The effects of experimental inputs (i.e. C matrix) were based upon prior knowledge about functional anatomy: V was assumed to drive M1, modeling top–down intentional signals during voluntary movements from pre-motor and supplementary motor cortices (i.e. C11 = 1); indeed, we know that premotor areas project to M1 supragranular layers (Donoghue and Parham, 1983). P was assumed to drive S1 (i.e. C23 = 1), modeling the proprioceptive and somatosensory consequences of movement (e.g. ascending afferents from muscle spindles and Golgi tendon) that are known to convey information to sensory areas (Schwarz et al., 1973); E was specified as driving S1 as well (i.e. C22 = 1), modeling the further sensory contribution due to electrical stimulation (Fig. 4). Since E was allowed to modulate all possible combinations of connections, the base model produced 15 variants, allowing for all endogenous connections (including self-connections) and their combinations to be modulated by the E (i.e. all different possible combinations of the B1 matrix). Since we only had 15 models, we didn't perform any family grouping, and we directly performed Bayesian model selection among our model space.

The winning model (Fig. 5 — panel A) suggests that E exerts a modulatory effect on the reciprocal connections between M1 and S1 and S1 self-connection. This winning model showed a large difference in log evidence, with respect to the next best model; with strong evidence in its favor — following the Bayes factor interpretation (Penny et al., 2004). The lower panel of Fig. 5 (Fig. 5 — panel B) shows the profile of log evidence (over the 15 models) and the ensuing posterior probabilities. In particular, the posterior probability of this winning model over alternative models was 0.97. In other words, assuming uniform priors over the 15 models, we can be 97% certain that the model in Fig. 5 is the most likely model.

Fig. 5

A) Winning DCM among the 15 competing models; B) profile of log evidence (over the 15 models) and the ensuing posterior probabilities.

In terms of endogenous (A) connectivity (Fig. 5, blue numbers), it can be seen that M1 and S1 self-connections have negative values reflecting the self-inhibition required for system stability (− 0.67 and − 0.46, respectively). In contrast, the reciprocal connections between the M1 and S1 have positive values (reflecting an excitatory influence). In particular, the M1 to S1 connection is 0.11 and S1 to M1 is 0.51. This means that the connection from the sensory to motor cortex is about five times stronger than the reciprocal connection. When considering the driving inputs (Fig. 5, green numbers), top–down volitional discharge (V) to M1 has a positive value: 0.28. Proprioception (P) discharge to S1 has a high impact on the system (0.6) and it is further increased by the effect of stimulation (E) by about 15%.

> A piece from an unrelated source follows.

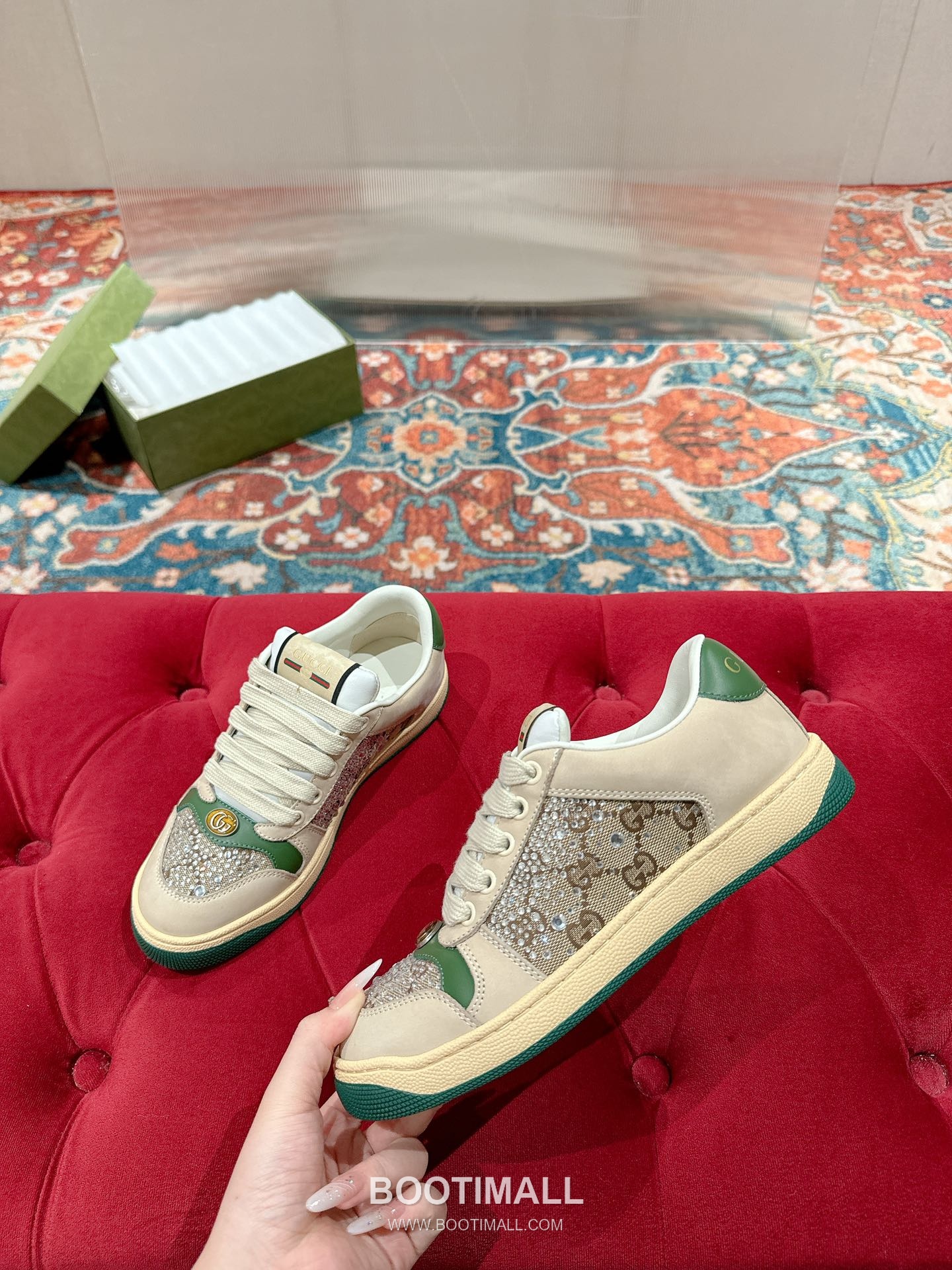 Gucci GG Vintage Sneaker Leather, Swarovski Crystal, TPU Sole Beige Shoes 구찌 GG 빈티지 스니커즈 가죽, 스와로브스키 크리스탈, TPU 밑창 베이지 신발 Women 35-40 3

The modulatory effect of altered proprioceptive input (Fig. 5, red numbers) indicates which connections are modulated by E in the winning model; i.e., context-dependent changes in connectivity. The modulatory effects indicate that the increase in the sensitivity of recurrent inhibition in S1 is quite marked (37%). M1 self-connection is not directly modulated by E. Moreover, this model suggests an impressive increase of the influence of M1 on S1 with a 181% increase in the sensitivity of S1 to M1 afferents. In addition, there is an increase in S1 to M1 connection; namely, the outgoing signals from S1 have a greater influence (25%) over M1 during concurrent functional electrical stimulation. In summary, the most prescient influence of electrical stimulation was to massively and selectively increase the sensitivity of S1 populations to projections from M1.

Discussion

The aim of the present study was to examine the neuronal substrate of the interaction between voluntary movement execution and sensory feedback. In particular, we hoped to discriminate between different accounts of motor control; i.e., descending signals from M1 as driving motor commands (the optimal control account) or as predictions of desired proprioceptive consequences (the active inference account). FES was used to alter proprioception during movement execution. Our results demonstrated that (i) the interaction between volitional intention and sensory feedback occurs predominantly in primary cortical areas (i.e. M1, S1); (ii) the altered effect of proprioception during concurrent movement can be explained by an increase in the influence of M1 on S1 (as well as S1 self-connections, with less effect on S1 to M1 connections); (iii) the efferent information from M1 (analogous to corollary discharge from M1 to S1) is modified by artificial modified proprioception and is therefore more likely to represent context-dependent backward projections conveying proprioception predictions.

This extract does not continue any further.